Cet apaisement pourrait s’expliquer en partie par l’arrivée sur le territoire haïtien lundi de l’armée américaine, venue accompagner le navire-hôpital USNS Comfort, selon M. André. Le bateau doit offrir une assistance médicale aux Haïtiens, jusqu’au 13 novembre prochain.

Haïti s’enlise dans une crise politique et sociale depuis le début de l’année et la publication d’un rapport de la Cour des comptes sur le détournement des fonds du PetroCaribe prêté par le Venezuela à Haïti pour assurer le développement du pays.

Jovenel Moïse, tout comme d’anciens présidents et ministres, est accusé d’avoir profité de cet argent en alimentant, entre autres, un régime de corruption dont Haïti, depuis la fin de sa dictature, peine à se sortir. Les manifestations de février dernier ont repris de l’ampleur début septembre avec l’annonce de l’augmentation du prix de l’essence. Le mandat de Jovenel Moïse doit prendre fin en 2022.

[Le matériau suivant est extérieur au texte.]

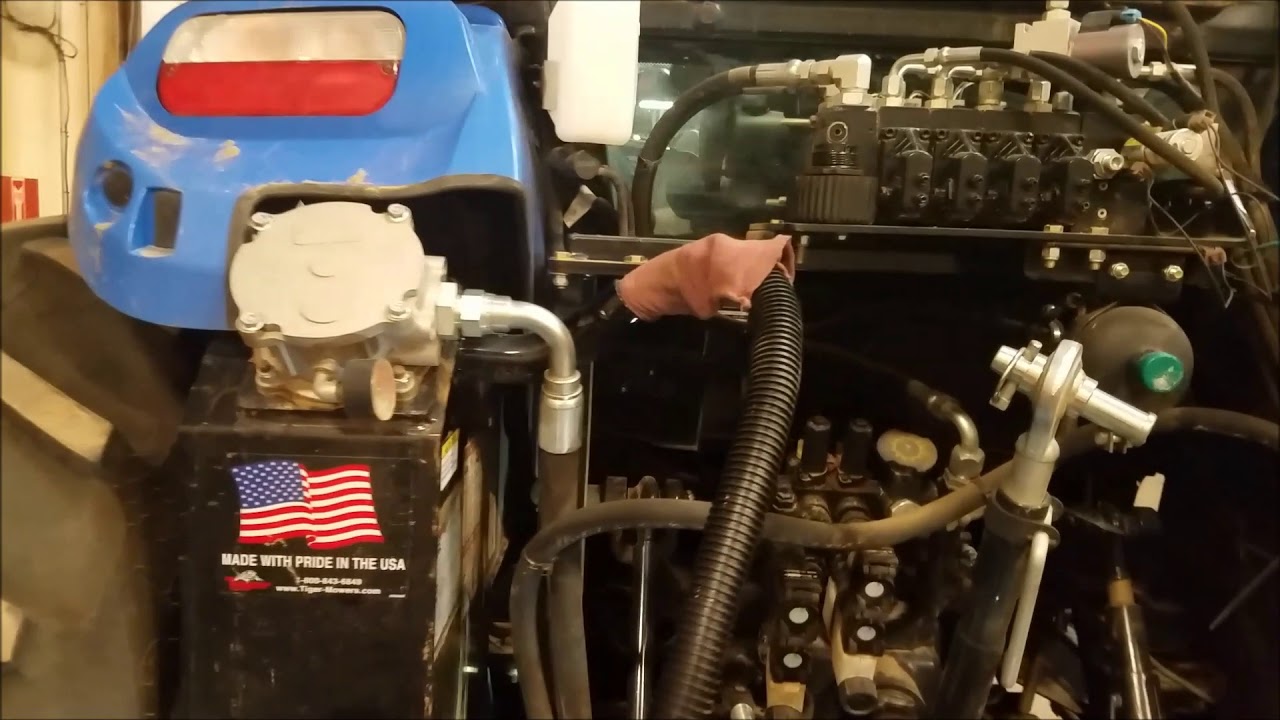 Hydraulic tank conversion to accept case drain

Appel d’artistes internationaux

Dans une lettre publiée il y a quelques jours, une centaine de personnalités canadiennes, québécoises et internationales, dont les militants David Suzuki et Maude Barlow, le musicien Roger Waters, la politicienne Sue Montgomery et l’écrivain Yann Martel, rappellent la fraude électorale et la suppression de votes qui ont permis à M. Moïse d’accéder au palais présidentiel.

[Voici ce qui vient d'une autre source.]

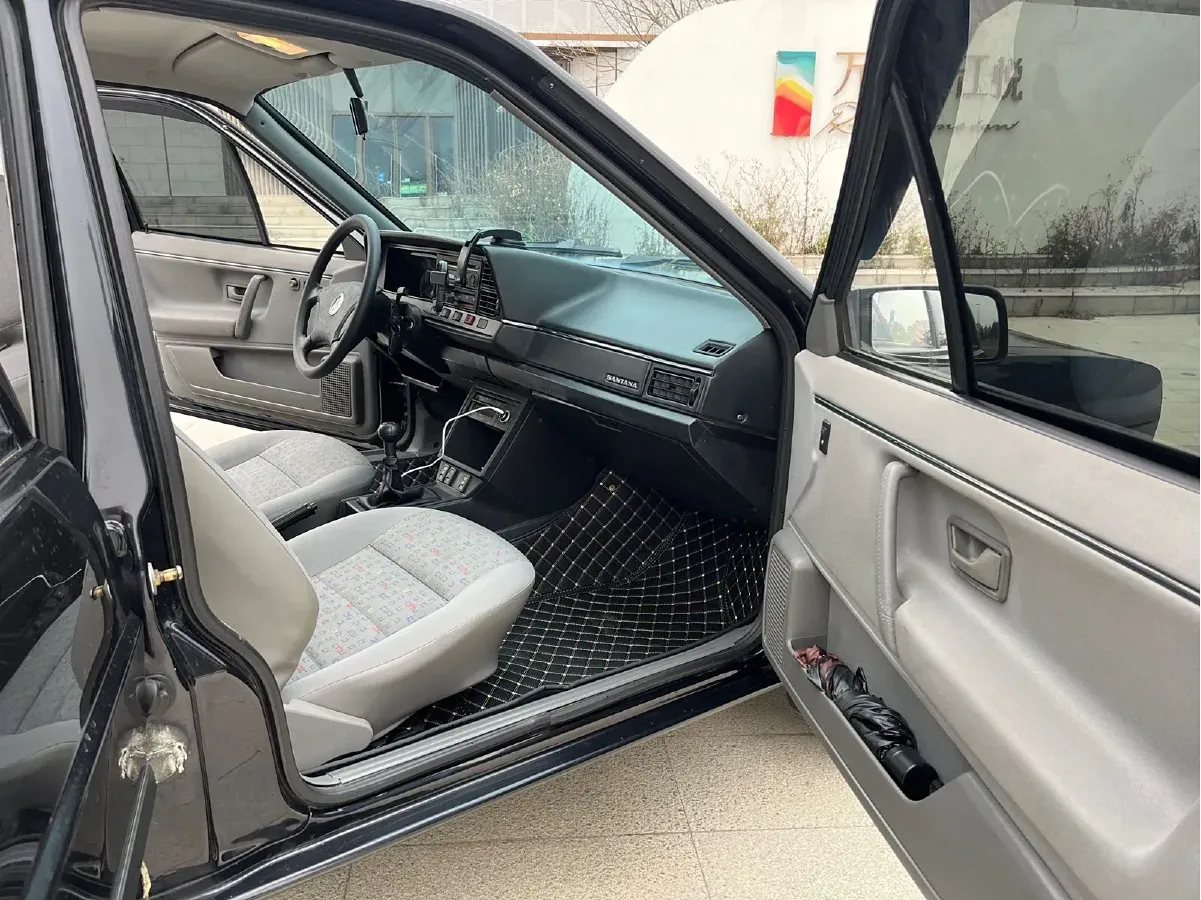 2004 Volkswagen Santana Classic 1.6L 87HP L4 5MT,autocango,china used car exporter,china ev exporter,chinese used car exporter,chinese used ev exporter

« À peine un électeur sur cinq a pu voter, écrivent-ils. La population s’est clairement opposée à l’élection de Moïse depuis le début, mais il s’accroche au pouvoir, parce qu’il est soutenu par les États-Unis, le Canada et les membres du Core Group. »

Selon eux, les déclarations du gouvernement canadien « ignorent complètement l’illégitimité électorale de la présidence et minimisent l’ampleur de la corruption et de la violence envers les manifestants ». Ils réclament un signe clair de Justin Trudeau en faveur d’Haïti, et ce, en cessant « de soutenir un président corrompu, répressif et illégitime que le peuple rejette massivement ».

Le mois dernier, le Canada a nommé un nouvel ambassadeur en Haïti, Stuart Savage. Ce poste était occupé depuis deux ans par le diplomate André Frenette. Ce changement de garde était prévu de longue date, assure Affaires mondiales Canada.

Mardi, l’ambassade canadienne était toujours fermée et Ottawa invite les Canadiens à éviter tous voyages non essentiels en Haïti, en raison de « l’instabilité politique persistante » et des pénuries d’eau, de nourritures et de carburant qui en découlent.